The NBP decided to hold its course due to moderating inflation and weak economic activity. On the price front, lower commodity prices, easing supply chain disruptions, weaker domestic activity and previous interest rate increases continued to support a disinflationary trend: Inflation fell to 6.5% in October (September: 8.2%). Moreover, producer prices fell again in year-on-year terms in September. Looking ahead, the NBP considers that previous monetary policy tightening will translate into inflation moving within the Bank’s target of 2.5% plus or minus one percentage point in the medium term.
In its communiqué, the NBP reiterated its commitment to base upcoming decisions on incoming data on inflation and economic activity, while remaining ready to “take all necessary actions in order to ensure macroeconomic and financial stability,” including intervention in the foreign exchange market. Our panelists expect interest rates to decline next year amid falling inflation.
The next monetary policy decision will be taken on 5–6 December.

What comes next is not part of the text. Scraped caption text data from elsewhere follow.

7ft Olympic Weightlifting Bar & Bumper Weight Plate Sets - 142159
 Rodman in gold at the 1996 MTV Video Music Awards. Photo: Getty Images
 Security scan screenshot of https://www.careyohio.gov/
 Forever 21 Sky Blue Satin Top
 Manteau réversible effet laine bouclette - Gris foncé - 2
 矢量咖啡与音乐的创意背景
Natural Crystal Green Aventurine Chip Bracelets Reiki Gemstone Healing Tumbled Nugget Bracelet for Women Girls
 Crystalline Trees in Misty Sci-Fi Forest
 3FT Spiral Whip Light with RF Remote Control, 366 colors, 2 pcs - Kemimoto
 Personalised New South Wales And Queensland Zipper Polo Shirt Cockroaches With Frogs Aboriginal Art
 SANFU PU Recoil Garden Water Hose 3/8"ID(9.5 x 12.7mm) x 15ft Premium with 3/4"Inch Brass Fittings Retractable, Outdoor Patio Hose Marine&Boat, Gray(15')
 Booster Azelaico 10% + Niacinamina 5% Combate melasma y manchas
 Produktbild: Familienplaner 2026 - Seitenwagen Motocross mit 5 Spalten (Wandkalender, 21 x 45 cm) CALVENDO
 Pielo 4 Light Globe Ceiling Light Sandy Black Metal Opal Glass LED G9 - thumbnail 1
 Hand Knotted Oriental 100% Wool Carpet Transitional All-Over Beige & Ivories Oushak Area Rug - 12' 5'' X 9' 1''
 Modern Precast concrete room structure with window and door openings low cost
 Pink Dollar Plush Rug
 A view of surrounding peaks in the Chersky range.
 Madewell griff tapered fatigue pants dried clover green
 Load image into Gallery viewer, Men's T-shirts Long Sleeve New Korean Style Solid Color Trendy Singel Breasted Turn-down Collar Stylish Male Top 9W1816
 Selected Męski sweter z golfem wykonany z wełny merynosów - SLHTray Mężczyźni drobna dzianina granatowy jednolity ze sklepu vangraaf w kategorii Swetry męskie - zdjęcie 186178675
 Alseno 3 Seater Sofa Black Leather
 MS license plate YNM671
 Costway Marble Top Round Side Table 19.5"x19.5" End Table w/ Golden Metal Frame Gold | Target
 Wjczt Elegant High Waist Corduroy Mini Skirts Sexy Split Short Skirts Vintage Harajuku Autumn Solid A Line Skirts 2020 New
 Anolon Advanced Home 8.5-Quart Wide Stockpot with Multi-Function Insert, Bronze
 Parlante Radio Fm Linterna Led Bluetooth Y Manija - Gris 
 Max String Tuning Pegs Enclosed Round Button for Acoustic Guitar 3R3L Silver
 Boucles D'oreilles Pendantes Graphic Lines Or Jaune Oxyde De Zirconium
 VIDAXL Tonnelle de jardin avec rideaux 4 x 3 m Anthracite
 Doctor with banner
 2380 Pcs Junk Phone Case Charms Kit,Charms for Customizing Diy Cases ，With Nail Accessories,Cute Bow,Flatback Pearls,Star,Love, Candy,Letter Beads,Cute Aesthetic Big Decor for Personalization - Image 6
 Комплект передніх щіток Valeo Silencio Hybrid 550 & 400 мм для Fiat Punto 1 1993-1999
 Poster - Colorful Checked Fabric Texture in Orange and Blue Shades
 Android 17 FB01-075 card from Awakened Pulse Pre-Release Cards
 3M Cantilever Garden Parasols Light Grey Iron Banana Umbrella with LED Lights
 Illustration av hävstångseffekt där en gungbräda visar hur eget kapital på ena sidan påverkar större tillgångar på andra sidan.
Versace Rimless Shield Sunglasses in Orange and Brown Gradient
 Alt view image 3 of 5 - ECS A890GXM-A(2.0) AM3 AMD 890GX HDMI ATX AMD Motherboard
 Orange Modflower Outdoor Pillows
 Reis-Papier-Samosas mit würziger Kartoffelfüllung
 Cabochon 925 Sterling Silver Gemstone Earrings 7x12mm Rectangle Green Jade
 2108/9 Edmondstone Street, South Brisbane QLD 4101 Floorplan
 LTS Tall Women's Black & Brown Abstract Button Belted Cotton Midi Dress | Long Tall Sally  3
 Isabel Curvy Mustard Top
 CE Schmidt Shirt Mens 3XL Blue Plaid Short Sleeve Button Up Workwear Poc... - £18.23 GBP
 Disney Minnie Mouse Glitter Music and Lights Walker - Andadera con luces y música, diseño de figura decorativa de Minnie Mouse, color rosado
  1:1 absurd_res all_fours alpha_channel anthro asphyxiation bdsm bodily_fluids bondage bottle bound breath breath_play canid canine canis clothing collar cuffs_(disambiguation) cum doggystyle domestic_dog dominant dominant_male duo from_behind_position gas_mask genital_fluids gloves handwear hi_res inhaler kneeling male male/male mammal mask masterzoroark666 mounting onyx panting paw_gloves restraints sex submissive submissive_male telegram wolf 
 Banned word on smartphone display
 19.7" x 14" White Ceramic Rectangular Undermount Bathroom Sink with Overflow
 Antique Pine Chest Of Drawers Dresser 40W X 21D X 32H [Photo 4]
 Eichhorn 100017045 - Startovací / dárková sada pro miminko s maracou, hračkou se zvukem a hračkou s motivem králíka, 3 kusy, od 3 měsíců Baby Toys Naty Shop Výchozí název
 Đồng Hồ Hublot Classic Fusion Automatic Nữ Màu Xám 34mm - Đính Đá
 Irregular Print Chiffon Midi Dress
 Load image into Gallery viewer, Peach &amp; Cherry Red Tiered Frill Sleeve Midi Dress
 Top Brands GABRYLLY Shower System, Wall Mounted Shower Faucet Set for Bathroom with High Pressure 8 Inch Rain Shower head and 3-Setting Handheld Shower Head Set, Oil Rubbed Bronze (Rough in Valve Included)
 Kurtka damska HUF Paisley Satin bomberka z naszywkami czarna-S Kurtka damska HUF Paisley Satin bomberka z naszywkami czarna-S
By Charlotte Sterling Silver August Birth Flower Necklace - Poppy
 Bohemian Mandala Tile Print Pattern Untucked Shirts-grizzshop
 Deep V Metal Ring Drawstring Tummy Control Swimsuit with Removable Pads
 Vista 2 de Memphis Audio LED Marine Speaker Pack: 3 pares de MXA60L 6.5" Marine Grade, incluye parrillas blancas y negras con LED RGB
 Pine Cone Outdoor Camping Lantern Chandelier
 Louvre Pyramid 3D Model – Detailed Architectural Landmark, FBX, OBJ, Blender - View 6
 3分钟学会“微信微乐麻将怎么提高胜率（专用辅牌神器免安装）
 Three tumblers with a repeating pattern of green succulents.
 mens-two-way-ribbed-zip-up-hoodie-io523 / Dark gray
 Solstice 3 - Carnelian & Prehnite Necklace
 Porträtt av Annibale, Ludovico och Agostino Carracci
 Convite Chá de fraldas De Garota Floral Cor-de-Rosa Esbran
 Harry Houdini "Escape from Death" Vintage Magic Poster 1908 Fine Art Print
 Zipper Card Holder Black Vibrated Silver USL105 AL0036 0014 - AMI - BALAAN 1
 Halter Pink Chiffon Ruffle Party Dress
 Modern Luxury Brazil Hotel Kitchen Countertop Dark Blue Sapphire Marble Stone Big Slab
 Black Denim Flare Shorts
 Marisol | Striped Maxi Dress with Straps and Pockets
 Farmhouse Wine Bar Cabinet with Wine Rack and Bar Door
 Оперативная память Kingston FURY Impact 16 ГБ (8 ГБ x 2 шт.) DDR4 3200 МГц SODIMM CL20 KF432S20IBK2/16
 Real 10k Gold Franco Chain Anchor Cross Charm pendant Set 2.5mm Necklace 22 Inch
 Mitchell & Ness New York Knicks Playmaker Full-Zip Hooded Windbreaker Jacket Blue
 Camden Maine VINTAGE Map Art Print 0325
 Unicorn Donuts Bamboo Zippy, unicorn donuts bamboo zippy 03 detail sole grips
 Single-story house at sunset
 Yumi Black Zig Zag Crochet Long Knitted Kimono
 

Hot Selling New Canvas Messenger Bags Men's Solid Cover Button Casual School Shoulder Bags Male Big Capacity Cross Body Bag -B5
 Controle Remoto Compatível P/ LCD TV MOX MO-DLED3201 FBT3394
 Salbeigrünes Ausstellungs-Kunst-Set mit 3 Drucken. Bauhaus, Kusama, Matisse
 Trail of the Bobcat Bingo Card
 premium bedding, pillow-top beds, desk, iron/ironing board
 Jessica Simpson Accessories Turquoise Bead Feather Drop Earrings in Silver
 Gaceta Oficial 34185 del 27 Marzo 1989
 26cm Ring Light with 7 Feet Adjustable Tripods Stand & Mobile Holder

Rafal Benecki and Adam Antoniak, economists at ING, commented on the monetary policy outlook:
“Given the uncertainty surrounding regulated energy prices, the scale of shielding measures in this area, and the future of the zero VAT rate on food, the Council will most likely want to familiarise itself with the impact of the aforementioned factors at the beginning of the year and the subsequent course of the inflation path. We do not rule out that there may be one more rate cut in March, but in general, we assess that the space for further interest rate cuts is severely limited.”